** DATA TO USE follows **

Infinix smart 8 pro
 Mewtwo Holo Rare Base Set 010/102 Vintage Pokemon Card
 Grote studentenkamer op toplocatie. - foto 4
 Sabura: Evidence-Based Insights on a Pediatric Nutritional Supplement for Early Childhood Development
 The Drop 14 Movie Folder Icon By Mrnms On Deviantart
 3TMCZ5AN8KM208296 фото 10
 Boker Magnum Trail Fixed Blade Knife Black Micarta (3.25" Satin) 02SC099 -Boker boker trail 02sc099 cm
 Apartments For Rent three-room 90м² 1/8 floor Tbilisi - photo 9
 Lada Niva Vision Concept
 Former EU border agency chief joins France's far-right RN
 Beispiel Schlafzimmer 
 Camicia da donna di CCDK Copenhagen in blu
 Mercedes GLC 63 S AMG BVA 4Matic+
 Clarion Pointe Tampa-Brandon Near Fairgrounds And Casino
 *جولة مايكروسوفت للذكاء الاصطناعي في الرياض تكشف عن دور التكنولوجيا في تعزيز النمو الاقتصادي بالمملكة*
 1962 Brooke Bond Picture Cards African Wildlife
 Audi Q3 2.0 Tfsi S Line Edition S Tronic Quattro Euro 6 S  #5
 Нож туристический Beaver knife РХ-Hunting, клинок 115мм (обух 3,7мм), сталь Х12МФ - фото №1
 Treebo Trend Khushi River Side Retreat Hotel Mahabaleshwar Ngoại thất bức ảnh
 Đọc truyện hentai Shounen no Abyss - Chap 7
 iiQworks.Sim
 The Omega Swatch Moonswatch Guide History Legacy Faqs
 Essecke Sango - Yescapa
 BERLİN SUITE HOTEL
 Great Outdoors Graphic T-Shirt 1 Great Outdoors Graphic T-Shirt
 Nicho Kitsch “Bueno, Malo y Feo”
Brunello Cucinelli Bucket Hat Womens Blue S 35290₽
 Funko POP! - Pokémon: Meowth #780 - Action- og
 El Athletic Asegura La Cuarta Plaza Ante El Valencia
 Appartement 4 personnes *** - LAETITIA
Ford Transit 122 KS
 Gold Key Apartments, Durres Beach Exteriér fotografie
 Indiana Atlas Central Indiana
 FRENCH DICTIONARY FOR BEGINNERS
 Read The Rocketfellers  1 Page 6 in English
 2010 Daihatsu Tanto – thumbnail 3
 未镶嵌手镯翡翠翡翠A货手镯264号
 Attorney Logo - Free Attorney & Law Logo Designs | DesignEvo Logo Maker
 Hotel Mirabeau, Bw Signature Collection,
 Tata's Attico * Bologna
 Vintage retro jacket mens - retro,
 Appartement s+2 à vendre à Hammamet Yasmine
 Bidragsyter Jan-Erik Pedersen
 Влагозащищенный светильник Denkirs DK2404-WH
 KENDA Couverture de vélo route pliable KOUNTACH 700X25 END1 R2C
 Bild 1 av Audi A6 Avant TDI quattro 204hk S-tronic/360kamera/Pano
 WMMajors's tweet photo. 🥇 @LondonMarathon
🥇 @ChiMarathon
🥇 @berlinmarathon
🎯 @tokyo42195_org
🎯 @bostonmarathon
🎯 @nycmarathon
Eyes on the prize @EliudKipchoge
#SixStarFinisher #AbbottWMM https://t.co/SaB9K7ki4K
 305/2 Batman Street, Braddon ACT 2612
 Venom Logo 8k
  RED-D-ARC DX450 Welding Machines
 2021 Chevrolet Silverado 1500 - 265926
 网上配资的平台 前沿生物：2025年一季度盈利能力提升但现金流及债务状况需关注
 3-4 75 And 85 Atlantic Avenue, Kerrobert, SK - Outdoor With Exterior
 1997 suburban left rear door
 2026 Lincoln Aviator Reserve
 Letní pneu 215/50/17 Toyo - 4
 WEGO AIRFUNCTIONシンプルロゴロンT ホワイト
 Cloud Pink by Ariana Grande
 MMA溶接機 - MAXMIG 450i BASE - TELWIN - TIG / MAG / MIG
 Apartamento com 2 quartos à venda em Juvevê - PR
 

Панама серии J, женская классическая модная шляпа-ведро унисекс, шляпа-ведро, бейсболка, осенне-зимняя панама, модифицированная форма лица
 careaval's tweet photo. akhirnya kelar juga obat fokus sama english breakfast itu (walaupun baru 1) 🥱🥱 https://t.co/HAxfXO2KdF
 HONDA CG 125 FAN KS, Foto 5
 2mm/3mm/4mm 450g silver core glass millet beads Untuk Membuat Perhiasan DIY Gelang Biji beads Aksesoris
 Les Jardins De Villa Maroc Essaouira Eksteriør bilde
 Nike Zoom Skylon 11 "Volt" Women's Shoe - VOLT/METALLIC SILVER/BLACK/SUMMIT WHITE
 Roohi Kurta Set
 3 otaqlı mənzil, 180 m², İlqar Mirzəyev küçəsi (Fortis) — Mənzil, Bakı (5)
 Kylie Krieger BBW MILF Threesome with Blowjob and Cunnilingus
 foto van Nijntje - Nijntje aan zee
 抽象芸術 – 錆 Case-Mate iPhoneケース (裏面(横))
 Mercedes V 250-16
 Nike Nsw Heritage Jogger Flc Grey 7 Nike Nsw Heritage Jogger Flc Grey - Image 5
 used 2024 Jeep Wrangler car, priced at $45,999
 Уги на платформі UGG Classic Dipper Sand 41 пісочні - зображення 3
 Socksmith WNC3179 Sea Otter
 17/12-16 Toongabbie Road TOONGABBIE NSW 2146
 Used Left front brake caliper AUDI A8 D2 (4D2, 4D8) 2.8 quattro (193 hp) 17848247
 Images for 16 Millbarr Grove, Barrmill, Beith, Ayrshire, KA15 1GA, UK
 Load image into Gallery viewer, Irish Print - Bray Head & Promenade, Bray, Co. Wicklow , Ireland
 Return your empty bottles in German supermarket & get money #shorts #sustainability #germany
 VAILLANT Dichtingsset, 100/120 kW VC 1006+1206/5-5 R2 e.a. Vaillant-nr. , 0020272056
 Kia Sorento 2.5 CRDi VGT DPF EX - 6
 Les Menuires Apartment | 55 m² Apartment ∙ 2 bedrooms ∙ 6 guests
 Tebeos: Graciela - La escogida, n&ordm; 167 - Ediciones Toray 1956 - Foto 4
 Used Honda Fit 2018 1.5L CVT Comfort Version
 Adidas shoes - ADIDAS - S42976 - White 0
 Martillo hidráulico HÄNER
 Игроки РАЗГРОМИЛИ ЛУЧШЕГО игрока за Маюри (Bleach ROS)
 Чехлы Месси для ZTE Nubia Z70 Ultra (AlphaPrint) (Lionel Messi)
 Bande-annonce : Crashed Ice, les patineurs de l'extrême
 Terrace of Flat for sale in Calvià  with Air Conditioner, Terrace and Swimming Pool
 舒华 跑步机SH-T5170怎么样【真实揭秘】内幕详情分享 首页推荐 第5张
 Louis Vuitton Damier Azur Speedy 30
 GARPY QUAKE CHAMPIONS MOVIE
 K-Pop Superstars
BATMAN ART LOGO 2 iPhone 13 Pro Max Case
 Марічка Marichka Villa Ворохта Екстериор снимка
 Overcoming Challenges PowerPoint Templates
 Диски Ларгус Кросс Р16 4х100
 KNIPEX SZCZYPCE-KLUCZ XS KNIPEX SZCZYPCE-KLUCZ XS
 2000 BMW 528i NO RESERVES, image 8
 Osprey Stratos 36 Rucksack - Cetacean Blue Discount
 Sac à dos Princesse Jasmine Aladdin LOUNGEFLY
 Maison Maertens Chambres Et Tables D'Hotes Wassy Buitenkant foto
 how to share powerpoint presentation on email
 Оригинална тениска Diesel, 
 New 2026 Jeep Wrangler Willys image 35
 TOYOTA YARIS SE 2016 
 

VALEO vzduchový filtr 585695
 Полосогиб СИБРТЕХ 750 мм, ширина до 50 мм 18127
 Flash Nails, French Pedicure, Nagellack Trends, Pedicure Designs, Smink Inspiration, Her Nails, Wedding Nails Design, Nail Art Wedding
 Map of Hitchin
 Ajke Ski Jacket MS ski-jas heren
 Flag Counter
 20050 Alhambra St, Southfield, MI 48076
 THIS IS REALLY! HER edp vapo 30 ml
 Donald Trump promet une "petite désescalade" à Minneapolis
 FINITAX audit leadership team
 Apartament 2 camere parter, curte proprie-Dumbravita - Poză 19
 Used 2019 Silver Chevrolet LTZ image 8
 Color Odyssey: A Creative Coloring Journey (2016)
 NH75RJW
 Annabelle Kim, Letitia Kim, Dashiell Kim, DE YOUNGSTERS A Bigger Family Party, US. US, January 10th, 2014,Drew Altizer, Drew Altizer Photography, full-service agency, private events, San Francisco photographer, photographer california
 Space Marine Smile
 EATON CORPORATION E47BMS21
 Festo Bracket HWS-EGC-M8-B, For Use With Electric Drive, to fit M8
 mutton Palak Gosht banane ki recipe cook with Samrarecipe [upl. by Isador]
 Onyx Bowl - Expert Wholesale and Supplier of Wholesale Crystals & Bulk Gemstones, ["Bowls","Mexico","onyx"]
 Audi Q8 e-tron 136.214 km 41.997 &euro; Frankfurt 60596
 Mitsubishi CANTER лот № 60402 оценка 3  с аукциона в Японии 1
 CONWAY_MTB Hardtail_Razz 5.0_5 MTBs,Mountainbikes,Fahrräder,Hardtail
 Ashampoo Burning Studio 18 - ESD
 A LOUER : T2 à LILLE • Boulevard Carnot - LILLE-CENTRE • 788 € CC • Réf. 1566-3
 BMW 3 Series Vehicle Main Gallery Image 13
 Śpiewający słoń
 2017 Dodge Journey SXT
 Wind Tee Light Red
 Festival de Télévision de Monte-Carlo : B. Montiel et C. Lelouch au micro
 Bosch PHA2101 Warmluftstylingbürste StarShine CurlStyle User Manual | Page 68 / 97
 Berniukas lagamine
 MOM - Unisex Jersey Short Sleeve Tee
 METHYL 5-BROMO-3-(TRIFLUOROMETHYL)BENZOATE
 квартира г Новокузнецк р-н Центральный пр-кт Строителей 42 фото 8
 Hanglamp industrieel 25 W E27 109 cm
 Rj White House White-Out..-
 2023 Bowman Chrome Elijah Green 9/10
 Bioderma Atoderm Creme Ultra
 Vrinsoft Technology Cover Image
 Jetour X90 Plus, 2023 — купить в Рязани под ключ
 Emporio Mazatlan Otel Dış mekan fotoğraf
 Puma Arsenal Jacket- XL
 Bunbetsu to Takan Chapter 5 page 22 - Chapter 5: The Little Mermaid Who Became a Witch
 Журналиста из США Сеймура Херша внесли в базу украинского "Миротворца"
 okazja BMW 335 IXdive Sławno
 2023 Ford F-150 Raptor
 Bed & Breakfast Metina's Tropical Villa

** End of DATA TO USE **

▸ **ACTION ITEM**
All lines above from the one holding "how to share" to the one holding "Apartament 2 camere", inclusive, are to be copied exactly; no other line is wanted.

▸ **SOLUTION TO THIS TASK**
 how to share powerpoint presentation on email
 Оригинална тениска Diesel, 
 New 2026 Jeep Wrangler Willys image 35
 TOYOTA YARIS SE 2016 
 

VALEO vzduchový filtr 585695
 Полосогиб СИБРТЕХ 750 мм, ширина до 50 мм 18127
 Flash Nails, French Pedicure, Nagellack Trends, Pedicure Designs, Smink Inspiration, Her Nails, Wedding Nails Design, Nail Art Wedding
 Map of Hitchin
 Ajke Ski Jacket MS ski-jas heren
 Flag Counter
 20050 Alhambra St, Southfield, MI 48076
 THIS IS REALLY! HER edp vapo 30 ml
 Donald Trump promet une "petite désescalade" à Minneapolis
 FINITAX audit leadership team
 Apartament 2 camere parter, curte proprie-Dumbravita - Poză 19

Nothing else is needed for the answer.